Mes origines de ce côté sont d'Europe de l'Est, notamment
Pologne et Roumanie."
Cependant c'est sa mère qui l'a mis au piano : " Elle
m'a inscrit à un cours particulier à l'âge de 6 ans.
Ma passion a été immédiate, puis est retombée
quelques années plus tard. La force de ce premier professeur a
été de me transmettre l'amour de la musique, bien plus que
le travail instrumental. Je suis très reconnaissant envers mes
parents de m'avoir toujours ouvert les portes, de m'avoir permis la rencontre
avec la musique sans jamais me forcer."
Nicolas Stavy a pris la décision de devenir pianiste professionnel
vers 15 ans : "Cela a été immédiat et définitif.
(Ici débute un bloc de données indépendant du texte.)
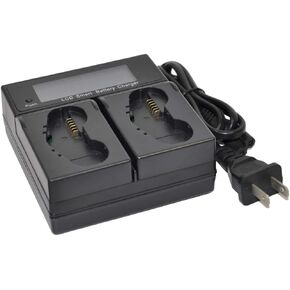 EN-EL4 Battery Charger AC Dual for EN-EL4a EN-EL4e MH-22 MH22 MH-21 MH21 D2H D2Hs D2X D2Xs D3 D3S F6 Digital Camera s1a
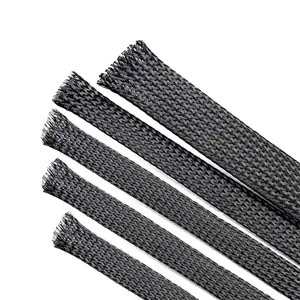 Deem High Quality Pet Expandable Braided Cable Sleeve For Cable Management Cable Covers Braid Sleeving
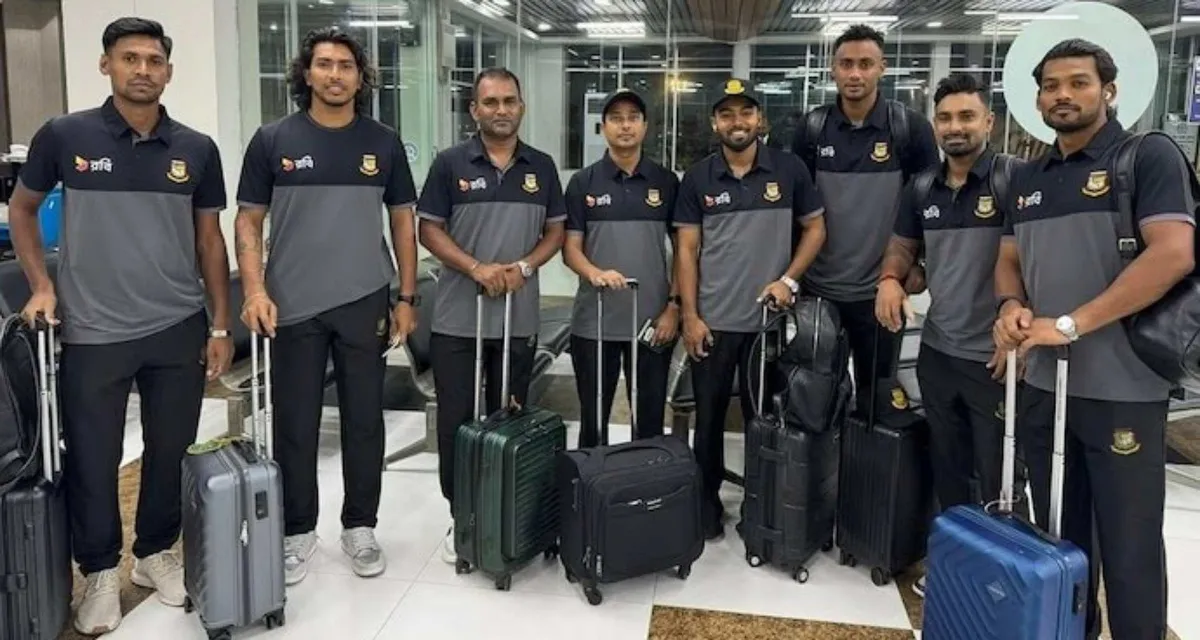 IPL 2025 માં ભાગ લેવાની અનિશ્ચિતતા વચ્ચે મુસ્તફિઝુર UAE જવા રવાના થયો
Avant, il n'en était pas question. Tout simplement. Un jour, je
me suis mis au piano toute la journée, sans trop savoir ce qui
m'arrivait. Idem le lendemain. Assez vite, cela est devenu évident,
presque nécessaire pour moi. J'ai rencontré Dominique Merlet
à cette période là. Je me suis inscrit aux cours
par correspondance (j'étais en classe de seconde) afin de passer
mon bac, obtenu la même année que mon entrée au CNSM."
En 1994, il
entreprend ses études pianistiques au Conservatoire National Supérieur
de Musique et de Danse de Paris. Il y obtiendra, dans les classes de Gérard
Frémy et de Christian Ivaldi, les Premiers Prix de Piano et de
Musique de Chambre...."La rencontre avec Gérard Frémy
a été déterminante. Il m'a ouvert les yeux (et les
oreilles !) sur la grande tradition russe dont il avait reçu l'enseignement
par le grand Heinrich Neuhaus à Moscou. Son enseignement, pendant
mes 3 ans passés au CNSM, était construit autours de la
culture du son, la détente absolue du corps au service de l'écoute"
Nicolas Stavy effectue ensuite le cycle de virtuosité au Conservatoire
de Genève, dans la classe de Dominique Merlet, qu'il termine avec
un 1er Prix avec distinction..."J'ai connu Dominique Merlet à
l'âge de 15 ans et je suis allé le voir régulièrement
pendant des années chez lui et dans le cadre de stages d'été
avant d'intégrer cette classe. Je lui dois énormément.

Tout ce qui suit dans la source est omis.